Definition 38.4.6. Let $S$, $X$, $\mathcal{F}$, $x$, $s$ be as in Definition 38.4.2. Let $(Z, Y, i, \pi , \mathcal{G}, z, y)$ be a one step dévissage of $\mathcal{F}/X/S$ at $x$. Let us define a *standard shrinking* of this situation to be given by standard opens $S' \subset S$, $X' \subset X$, $Z' \subset Z$, and $Y' \subset Y$ such that $s \in S'$, $x \in X'$, $z \in Z'$, and $y \in Y'$ and such that

\[ (Z', Y', i|_{Z'}, \pi |_{Z'}, \mathcal{G}|_{Z'}, z, y) \]

is a one step dévissage of $\mathcal{F}|_{X'}/X'/S'$ at $x$.

Lemma 38.4.7. With assumption and notation as in Definition 38.4.6 we have:

If $S' \subset S$ is a standard open neighbourhood of $s$, then setting $X' = X_{S'}$, $Z' = Z_{S'}$ and $Y' = Y_{S'}$ we obtain a standard shrinking.

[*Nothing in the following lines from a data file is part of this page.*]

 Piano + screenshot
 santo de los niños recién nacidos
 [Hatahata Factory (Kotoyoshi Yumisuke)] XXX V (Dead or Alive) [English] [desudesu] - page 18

Let $W \subset Y$ be a standard open neighbourhood of $y$. Then there exists a standard shrinking with $Y' = W \times _ S S'$.

Let $U \subset X$ be an open neighbourhood of $x$. Then there exists a standard shrinking with $X' \subset U$.

**Proof.**
Part (1) is immediate from Lemma 38.4.5 and the fact that the inverse image of a standard open under a morphism of affine schemes is a standard open, see Algebra, Lemma 10.17.4.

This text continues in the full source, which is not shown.